◆ **Task brief**: Return the data that follows exactly as it appears. Pictures do not belong in the copy.

◆ **Available data**:
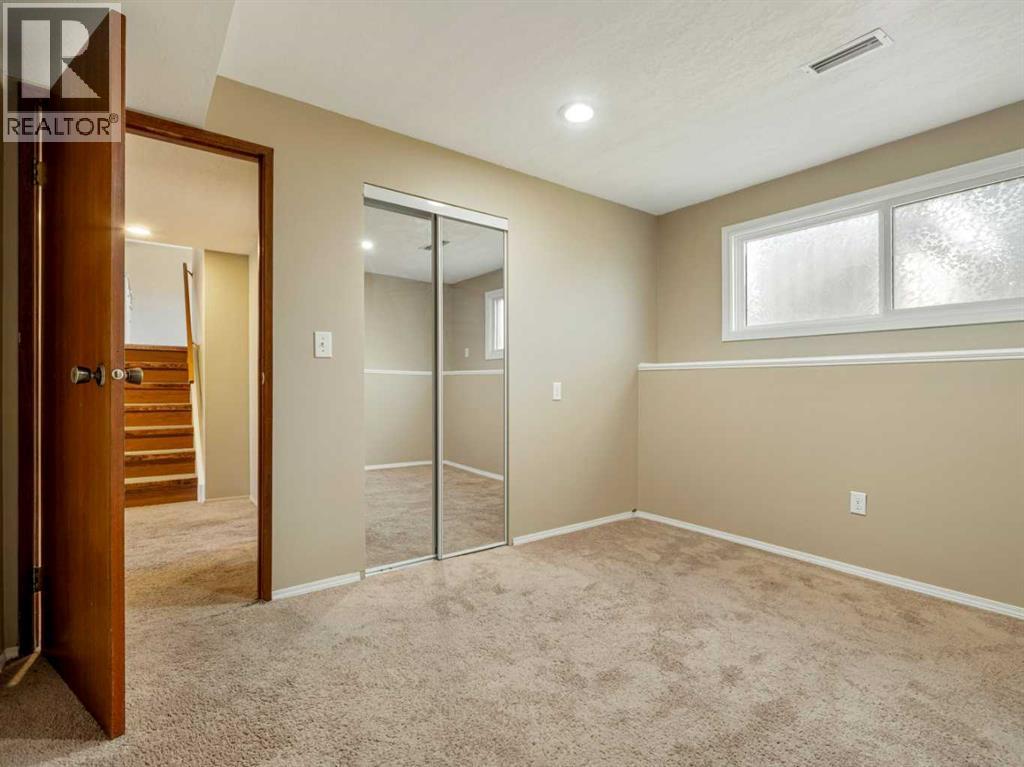80 Ojibwa Road W Property Photo 28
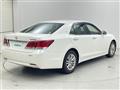 2013 Toyota Crown Royal Series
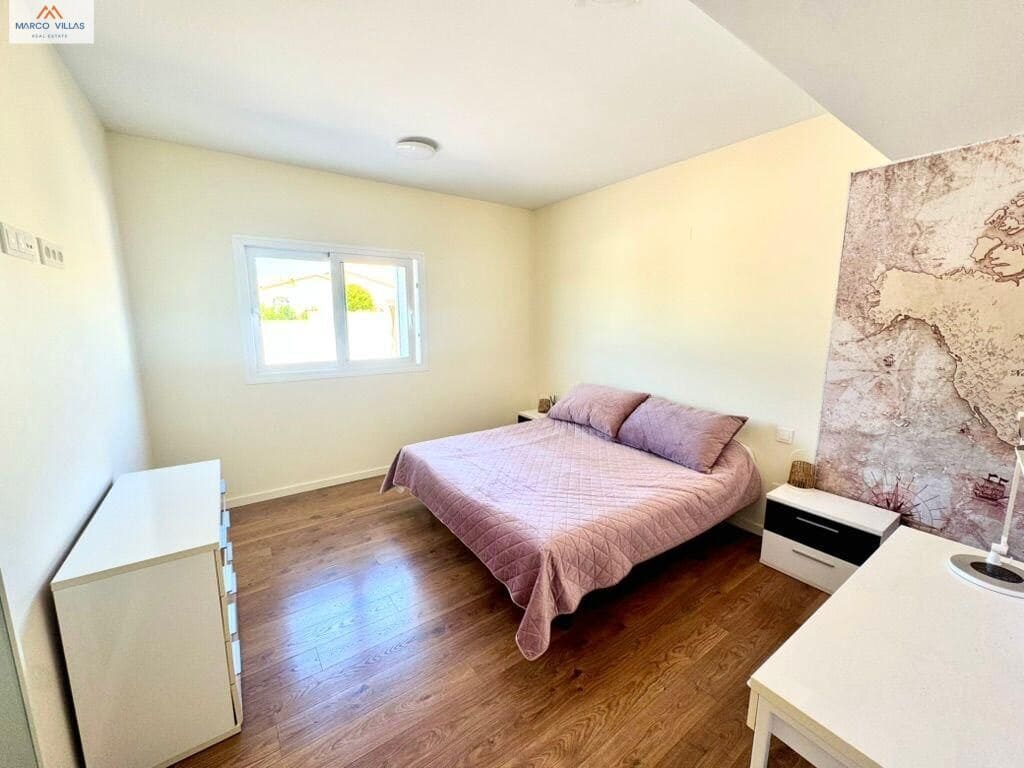 7 soverom Villa til salgs i San Fulgencio med svømmebasseng garasje - € 699 000 (Ref: 9778125)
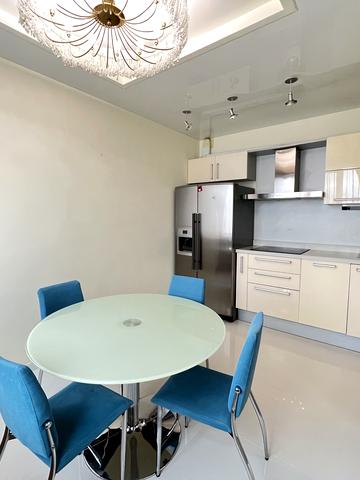 Михайла Гришка вул., 9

◆ **Result of this exercise**:
80 Ojibwa Road W Property Photo 28
 2013 Toyota Crown Royal Series
 7 soverom Villa til salgs i San Fulgencio med svømmebasseng garasje - € 699 000 (Ref: 9778125)
 Михайла Гришка вул., 9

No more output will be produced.